Protagonisti sono Fred (Michael Caine), ex compositore e direttore d'orchestra, e Mick (Harvey Keitel), regista famoso che sta scrivendo, insieme a un gruppo di sceneggiatori (che - a tratti - ricordano pericolosamente quelli di Boris!), il suo ultimo film che sarà interpretato dalla star Brenda Morel.
I due anziani amici sono ospiti di un grande albergo extra-lusso in mezzo alle montagne svizzere, in un'ambientazione che trasmette al contempo un senso di bellezza e maestosità, ma suggerisce anche una condizione claustrofobica e asettica.
La vita nel grande albergo scorre uguale tutti i giorni, tra passeggiate, trattamenti estetici, bagni nelle piscine termali, colazioni, pranzi, cene e spettacoli serali di dubbia e varia qualità. Intorno a Fred e Mick si muove un'umanità varia che comprende gli altri ospiti (la figlia di Fred lasciata dal marito (Rachel Weisz), l'attore in cerca di ispirazione (Paul Dano), un famoso calciatore sudamericano che gira con la bombola dell'ossigeno, una anziana e regale coppia che non spiccica una parola, il monaco buddista), nonché il personale dell'albergo (la giovane massaggiatrice che ama ballare musica pop davanti alla tv, la escort bambina che arriva ogni sera accompagnata dalla madre).

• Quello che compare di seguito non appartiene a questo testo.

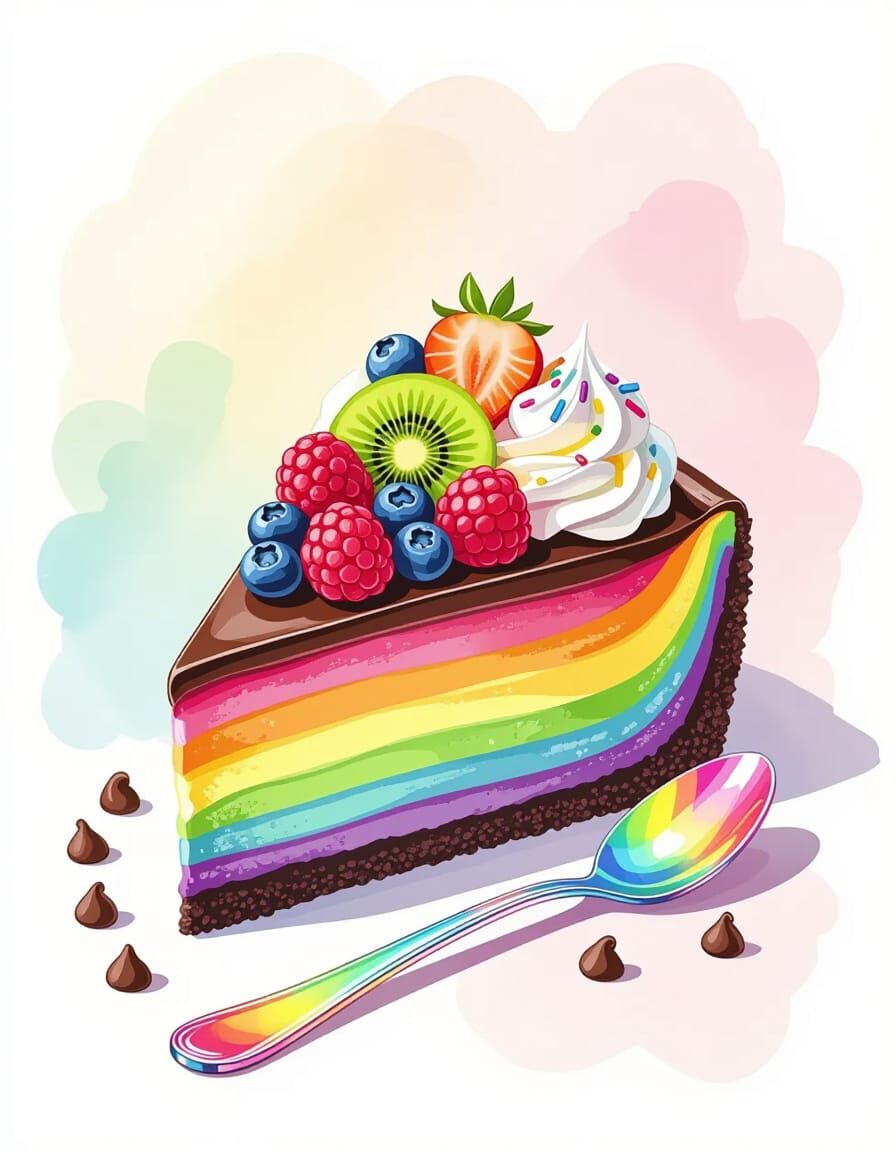 Whimsical Watercolor Cheesecake with Berries and Sprinkles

La cifra sorrentiniana è evidente nel ricercato mix di estetica visiva e musicale che - soprattutto negli ultimi due film - ha trovato la sua massima espressione. La fotografia di Bigazzi è a tratti rarefatta, ai limiti del manierismo, come piace a Sorrentino, ma tale cifra non è gratuita come il trailer lascerebbe immaginare e fa temere. La musica disperata e malinconica di Mark Kozelek (che compare anche in un cameo iniziale interpretando se stesso) è perfetta nel commentare e riempire quei vuoti che volutamente la storia raccontata non intende colmare.

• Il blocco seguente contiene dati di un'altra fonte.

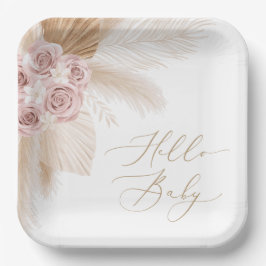 Boho Pampas Grass Girl Baby Shower Pappteller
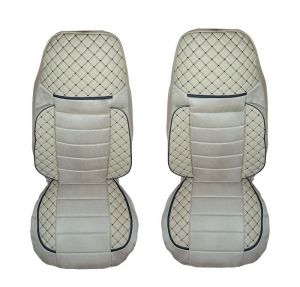 2 x Seat covers for Volvo FH 2014-2020 EURO 6 Truck Beige Leather Textil RHD LHD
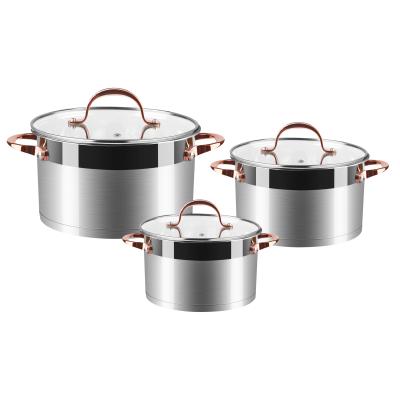 China Sustainable flat lid pentole pot glass casserole high quality baking dish set stainless steel cookware for sale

Ho amato molto i primi due terzi del film, frammenti di vite di persone, illuminate brevemente dallo sguardo del regista, parole, osservazioni sul mondo, sensazioni portate allo scoperto per un attimo, ma spesso senza trovare alcuna spiegazione definitiva e senza voler avere pienamente un senso.
A me Sorrentino questo è sembrato volesse raccontarci: la molteplicità delle nostre identità, quello che si vede e quello che resta nascosto, quello che mostriamo e quello che teniamo per noi, quello che sentiamo e quello che riusciamo a esprimere, quello che agiamo e quello che da cui veniamo agiti, quello che interpretiamo e quello che ci scorre dentro. Ma anche il consesso umano che - anche nelle sue relazioni più forti e più intime - si configura come un pallido compromesso della nostra complessità, e al contempo l'unica possibile occasione che abbiamo per scoprire l'immagine di noi e degli altri che si rivela solo al completamento del puzzle.

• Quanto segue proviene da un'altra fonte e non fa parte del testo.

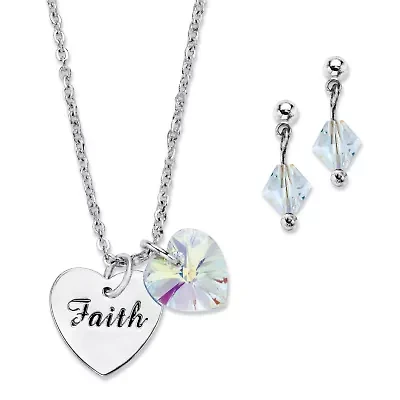 AB Crystal Silvertone Heart and "Faith" Charm Earring & Necklace Set 18"-20"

Poi però arriva in scena Brenda Morel (una Jane Fonda quasi inossidabile) e tutto - da quello stato rarefatto, frammentato, scomposto in cui si trovava - rapidamente precipita, svelando verità, determinando scelte e rompendo in qualche modo la condizione di sospensione. E da lì in poi ho fatto fatica (un po' come mi era accaduto con This must be the place e in parte anche con La grande bellezza) a mantenere viva la sintonia con Sorrentino e a non percepirne qualche forzatura un po' fastidiosa.
Va però dato atto che la galleria di personaggi maschili dolenti e grotteschi che Sorrentino ha inanellato nei suoi film a partire da L'uomo in più compongono un personale e inconfondibile ritratto umano contemporaneo che - credo - resterà in qualche modo in eredità al cinema italiano e internazionale.